Satan’s Triangle (1975)

I’m not saying that you don’t pick up the priest found drifting by himself in the ocean, but when you do, you need to be smart about it. At a minimum, you probably shouldn’t keep fishing for that big marlin and the captain of the boat should be court-martialed or keelhauled or whatever it is they do to them when they are absurdly derelict in their seafaring duties.

You’d have to be suffering a bout of scurvy to think that letting a priest who looks like the crazed padre that killed himself and opened the gates of hell in City of the Living Dead taking the helm of you boat during a mysterious storm that has broken out while you are in the middle of the Devil’s Triangle is anything other than sheer lunacy!

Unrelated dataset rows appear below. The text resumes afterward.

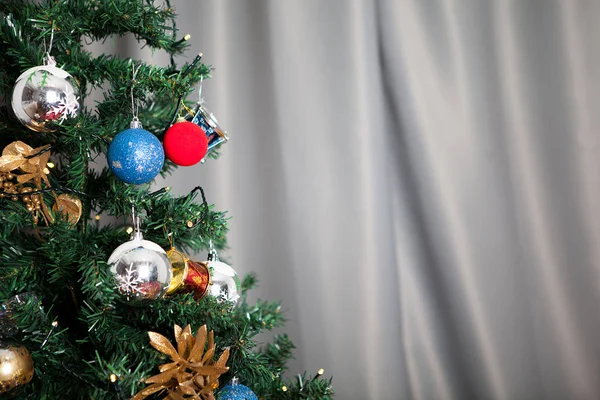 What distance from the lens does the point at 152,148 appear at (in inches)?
27.1

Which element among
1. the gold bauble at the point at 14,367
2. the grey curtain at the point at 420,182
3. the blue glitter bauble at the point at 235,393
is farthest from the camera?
Result: the grey curtain at the point at 420,182

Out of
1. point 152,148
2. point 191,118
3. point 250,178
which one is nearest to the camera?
point 152,148

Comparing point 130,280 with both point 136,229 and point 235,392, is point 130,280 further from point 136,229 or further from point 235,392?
point 235,392

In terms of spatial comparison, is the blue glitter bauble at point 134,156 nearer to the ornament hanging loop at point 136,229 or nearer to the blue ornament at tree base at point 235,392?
the ornament hanging loop at point 136,229

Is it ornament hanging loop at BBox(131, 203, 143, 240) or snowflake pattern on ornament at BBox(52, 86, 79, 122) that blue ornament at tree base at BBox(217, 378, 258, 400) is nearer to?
ornament hanging loop at BBox(131, 203, 143, 240)

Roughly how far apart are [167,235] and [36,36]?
0.31 m

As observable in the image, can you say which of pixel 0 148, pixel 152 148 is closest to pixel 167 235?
pixel 152 148

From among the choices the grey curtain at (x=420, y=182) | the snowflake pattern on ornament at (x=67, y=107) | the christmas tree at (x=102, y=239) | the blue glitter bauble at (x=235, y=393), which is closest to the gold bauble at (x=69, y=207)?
the christmas tree at (x=102, y=239)

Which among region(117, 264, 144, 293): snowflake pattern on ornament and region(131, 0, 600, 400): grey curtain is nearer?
region(117, 264, 144, 293): snowflake pattern on ornament

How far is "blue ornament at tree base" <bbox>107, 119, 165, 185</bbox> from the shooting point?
672mm

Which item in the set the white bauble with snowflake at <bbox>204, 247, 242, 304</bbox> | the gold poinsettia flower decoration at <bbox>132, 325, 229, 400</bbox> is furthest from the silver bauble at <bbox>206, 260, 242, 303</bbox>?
the gold poinsettia flower decoration at <bbox>132, 325, 229, 400</bbox>

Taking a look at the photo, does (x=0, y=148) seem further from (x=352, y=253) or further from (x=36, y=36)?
(x=352, y=253)

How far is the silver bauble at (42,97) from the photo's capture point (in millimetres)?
639

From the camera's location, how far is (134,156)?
2.20 feet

If you just wet yourself a little bit hearing about the Devil’s Triangle, we’ll just pretend you got hit by a little bit of sea spray. It’s understandable, if like me, you grew up in the 1970s, raised on scary pseudoscience like reincarnation, ESP, ancient astronauts, Kirlian photography, bigfoot, disco, Evel Knievel and the Bermuda Triangle. Seems like we couldn’t turn on one of the three networks without seeing some TV movie of the week where some poor bastard wasn’t giving birth to an alien baby or being harassed by a coven of witches. And now we can’t even an enjoy a fishing trip with a high price prostitute played by film legend Kim Novak? No wonder Jimmy Carter was a one term president!

Doug McClure (in the middle of an incredible run of classic 1970s films including The Land that Time Forgot, The People that Time Forgot, At the Earth’s Core, SST: Death Flight) is a lieutenant in the coast guard named Haig. Haig is so woman crazy that while en route to a mayday call in the Devil’s Triangle, he has his pilot buddy, Pagnolini, take the rescue chopper down near the water to get a closer look at a sunbathing beauty on a ship that is not in distress.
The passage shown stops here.